Após o choque de gestão imposto pela FIJ e depois que tudo voltou ao normal, o presidente da CBJ acordou para a realidade e tratou de capitalizar os fatos, dando declaração no mínimo patética.

“Numa conversação aberta pela FIJ, inclusive com nossos parceiros à mesa, ficou convencionado que a CBJ realiza este evento sem colocar em risco sua segurança. É uma boa notícia e vem ao encontro do que de melhor podemos oferecer ao mundo do judô, seja ele nacional ou internacional”, disse o dirigente tentando dar a impressão que fora ele o grande mentor e articulador da retomada do evento.

Pressionado pela multa milionária, o dirigente brasileiro voltou à realidade e recuou

A qual segurança se referia o dirigente da CBJ, se o Grand Slam de Brasília havia sido viabilizado economicamente, antes mesmo de ele tomar a decisão de cancelar sua realização?

Nos dias seguintes não faltaram elogios ao presidente da CBJ nas redes sociais. Depoimentos lamentáveis que revelam o raio X do judoca brasileiro: crédulo, inocente e subserviente.

Sem saberem realmente o que de fato havia acontecido, professores kodanshas de todo o País e até mesmo árbitros FIJ A se apressaram a parabenizar e reverenciar o presidente da CBJ, ignorando que foi justamente devido à falta de coragem, arrojo, determinação e até mesmo interesse do dirigente brasileiro que o evento havia sido cancelado.

Não fosse a articulação dos dirigentes da Federação Internacional de Judô em parceria com outros agentes e o peso de uma multa milionária, certamente o Brasil receberia uma série de sanções dentro e fora dos tatamis. Internacionalmente seríamos o grande mico deste ciclo olímpico no cenário mundial e nossos atletas teriam enorme prejuízo. Mas o pior é pegar o celular e ver judocas aparentemente esclarecidos (SQN), reverenciando e parabenizando a diretoria da CBJ nas redes sociais.

Membro do Conselho de Administração da CBJ, Tibério Maribondo afirmou com todas as letras que ao tomar a decisão de cancelar o evento, os gestores da confederação estavam cientes da multa contratual

O posicionamento destes judocas é, a nosso ver, a grande tragédia da modalidade. Com esta postura subserviente estes professores endossam uma gestão que causou graves prejuízos ao judô brasileiro.

Pregamos sempre que, proporcionalmente, as modalidades esportivas possuem o mesmo tamanho da capacidade e da coragem de seus gestores.
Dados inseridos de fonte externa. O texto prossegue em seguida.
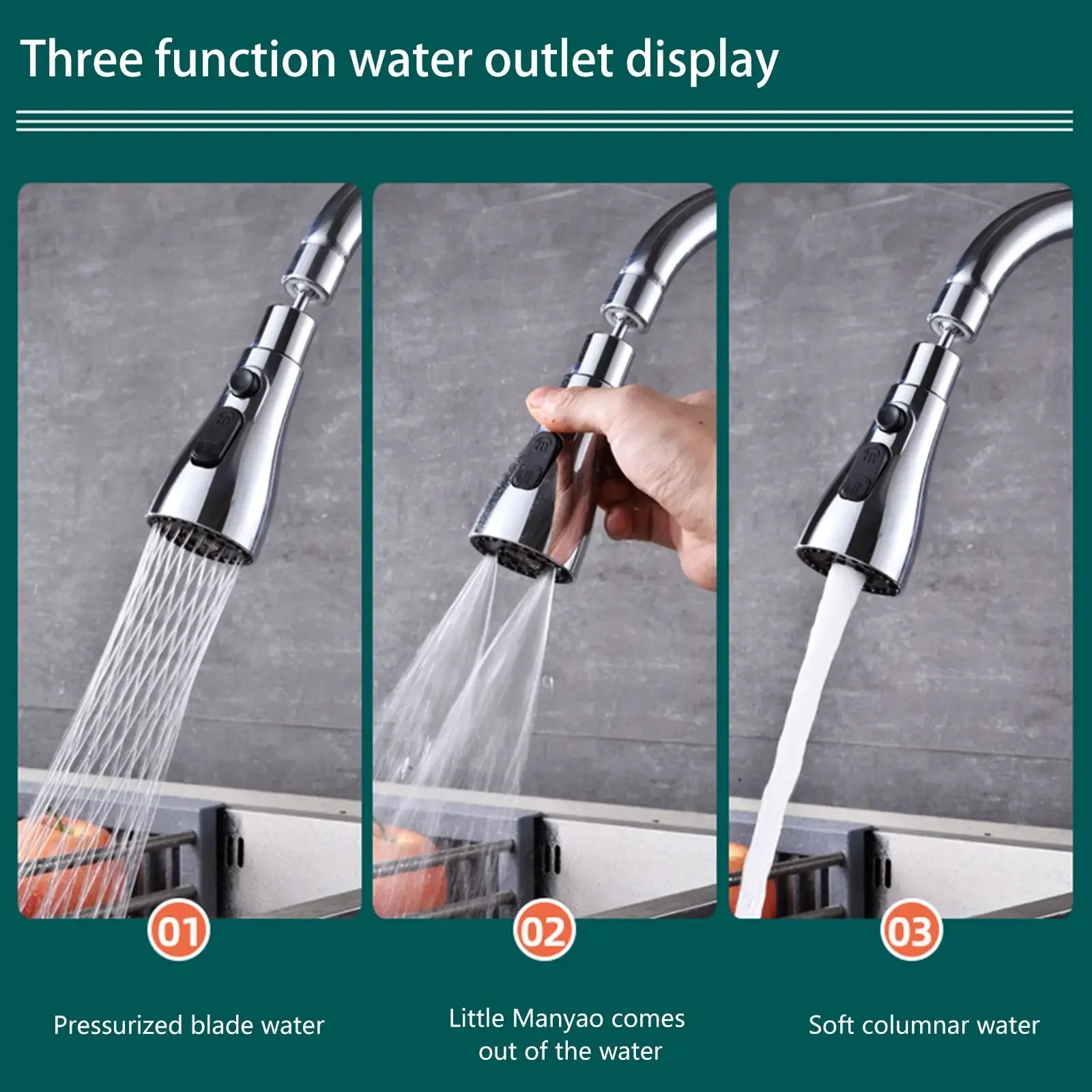 Lexsor 360 Rotating Faucet Extender  Universal Kitchen Tap  Strong Wash Kitchen Faucet  3 Modes Adjustable Water Tap  Kitchen Gadgets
Foi isso que diferenciou e projetou o judô brasileiro no cenário midiático e esportivo no passado recente.

No caso específico do presidente da CBJ, serei mais explícito, lembrando que podemos medir um líder pelo tamanho dos desafios que ele assume. Ele sempre procura algo do próprio tamanho. Talvez seja por isso que o presidente da CBJ tenha cancelado o Grand Slam de Brasília.